* **Task item**: Beneath this instruction is a block of data; output from it exactly the lines that run from the one containing "FIAT CROMA FIAT CROMA MULTIJET" through the one containing "Продажа участка, 6,50&nbsp;соток, участок", inclusive.

* **Input for this task**:
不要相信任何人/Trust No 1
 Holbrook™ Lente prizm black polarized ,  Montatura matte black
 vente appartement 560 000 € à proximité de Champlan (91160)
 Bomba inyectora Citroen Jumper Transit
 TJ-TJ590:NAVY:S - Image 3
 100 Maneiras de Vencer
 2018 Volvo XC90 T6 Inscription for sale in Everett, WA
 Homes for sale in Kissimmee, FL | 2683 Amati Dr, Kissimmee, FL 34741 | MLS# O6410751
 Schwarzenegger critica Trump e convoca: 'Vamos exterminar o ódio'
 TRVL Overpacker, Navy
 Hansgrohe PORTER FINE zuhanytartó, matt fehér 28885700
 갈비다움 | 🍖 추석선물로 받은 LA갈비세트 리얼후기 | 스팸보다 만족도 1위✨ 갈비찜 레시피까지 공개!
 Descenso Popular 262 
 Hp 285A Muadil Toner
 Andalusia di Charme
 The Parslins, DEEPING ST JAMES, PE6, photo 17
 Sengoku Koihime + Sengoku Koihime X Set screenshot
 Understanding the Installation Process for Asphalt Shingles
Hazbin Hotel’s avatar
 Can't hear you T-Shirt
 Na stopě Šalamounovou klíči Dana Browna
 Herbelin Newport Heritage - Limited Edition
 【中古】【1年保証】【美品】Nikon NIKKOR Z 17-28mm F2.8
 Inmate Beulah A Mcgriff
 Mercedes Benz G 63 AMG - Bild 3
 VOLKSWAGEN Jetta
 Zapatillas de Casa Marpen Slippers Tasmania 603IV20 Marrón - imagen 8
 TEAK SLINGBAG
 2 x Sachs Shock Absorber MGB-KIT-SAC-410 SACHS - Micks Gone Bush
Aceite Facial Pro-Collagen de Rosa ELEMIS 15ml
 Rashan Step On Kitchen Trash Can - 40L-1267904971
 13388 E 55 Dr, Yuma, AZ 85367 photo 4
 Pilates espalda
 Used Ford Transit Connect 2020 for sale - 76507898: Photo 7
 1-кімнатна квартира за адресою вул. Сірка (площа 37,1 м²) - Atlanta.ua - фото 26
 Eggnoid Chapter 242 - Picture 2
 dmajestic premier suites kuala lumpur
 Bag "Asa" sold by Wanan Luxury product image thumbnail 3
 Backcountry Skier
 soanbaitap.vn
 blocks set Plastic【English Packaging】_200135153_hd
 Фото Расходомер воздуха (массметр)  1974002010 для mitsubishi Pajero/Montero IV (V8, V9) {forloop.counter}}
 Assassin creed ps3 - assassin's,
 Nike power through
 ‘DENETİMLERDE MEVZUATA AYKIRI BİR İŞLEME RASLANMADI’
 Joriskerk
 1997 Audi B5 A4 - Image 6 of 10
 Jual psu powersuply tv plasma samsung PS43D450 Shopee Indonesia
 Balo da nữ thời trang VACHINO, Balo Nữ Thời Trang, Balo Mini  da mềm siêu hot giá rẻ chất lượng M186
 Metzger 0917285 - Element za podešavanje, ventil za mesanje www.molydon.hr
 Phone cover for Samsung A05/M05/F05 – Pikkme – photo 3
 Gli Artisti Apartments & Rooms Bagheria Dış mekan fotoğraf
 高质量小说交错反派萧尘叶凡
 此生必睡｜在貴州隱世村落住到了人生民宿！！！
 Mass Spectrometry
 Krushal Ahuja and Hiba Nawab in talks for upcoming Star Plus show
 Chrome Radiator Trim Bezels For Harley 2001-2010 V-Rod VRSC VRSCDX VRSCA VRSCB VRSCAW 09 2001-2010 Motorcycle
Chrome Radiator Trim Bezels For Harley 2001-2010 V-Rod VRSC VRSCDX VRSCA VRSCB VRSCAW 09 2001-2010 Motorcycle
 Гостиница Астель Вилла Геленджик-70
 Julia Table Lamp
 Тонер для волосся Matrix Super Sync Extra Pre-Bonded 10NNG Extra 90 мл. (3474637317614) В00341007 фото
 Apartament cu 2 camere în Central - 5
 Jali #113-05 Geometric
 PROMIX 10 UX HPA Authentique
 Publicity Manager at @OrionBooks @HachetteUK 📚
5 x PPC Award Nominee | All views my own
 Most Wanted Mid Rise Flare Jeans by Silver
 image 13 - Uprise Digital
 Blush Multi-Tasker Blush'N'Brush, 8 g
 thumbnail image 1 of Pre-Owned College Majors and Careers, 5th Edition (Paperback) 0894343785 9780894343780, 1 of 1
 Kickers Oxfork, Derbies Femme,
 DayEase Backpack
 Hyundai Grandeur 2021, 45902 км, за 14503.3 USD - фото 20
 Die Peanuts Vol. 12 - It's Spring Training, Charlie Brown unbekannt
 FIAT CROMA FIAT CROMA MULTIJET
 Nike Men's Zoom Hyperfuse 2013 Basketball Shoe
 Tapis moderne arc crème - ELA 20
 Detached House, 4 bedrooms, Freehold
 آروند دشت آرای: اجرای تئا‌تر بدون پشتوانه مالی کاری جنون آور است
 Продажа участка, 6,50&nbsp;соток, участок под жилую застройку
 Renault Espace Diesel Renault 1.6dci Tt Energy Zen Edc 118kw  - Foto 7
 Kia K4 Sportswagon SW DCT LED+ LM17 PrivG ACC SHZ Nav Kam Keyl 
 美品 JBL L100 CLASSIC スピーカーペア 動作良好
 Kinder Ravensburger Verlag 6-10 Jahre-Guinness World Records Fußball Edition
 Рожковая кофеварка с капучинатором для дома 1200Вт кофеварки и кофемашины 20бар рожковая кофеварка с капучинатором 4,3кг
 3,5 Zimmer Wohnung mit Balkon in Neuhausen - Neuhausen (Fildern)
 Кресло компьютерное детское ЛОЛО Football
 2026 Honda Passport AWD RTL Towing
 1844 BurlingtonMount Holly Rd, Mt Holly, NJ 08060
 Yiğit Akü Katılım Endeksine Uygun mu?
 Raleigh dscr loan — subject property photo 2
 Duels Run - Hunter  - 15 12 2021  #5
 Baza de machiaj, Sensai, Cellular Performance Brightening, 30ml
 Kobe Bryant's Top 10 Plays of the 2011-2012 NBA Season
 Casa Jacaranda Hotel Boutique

* **Solution to the problem**:
 FIAT CROMA FIAT CROMA MULTIJET
 Nike Men's Zoom Hyperfuse 2013 Basketball Shoe
 Tapis moderne arc crème - ELA 20
 Detached House, 4 bedrooms, Freehold
 آروند دشت آرای: اجرای تئا‌تر بدون پشتوانه مالی کاری جنون آور است
 Продажа участка, 6,50&nbsp;соток, участок под жилую застройку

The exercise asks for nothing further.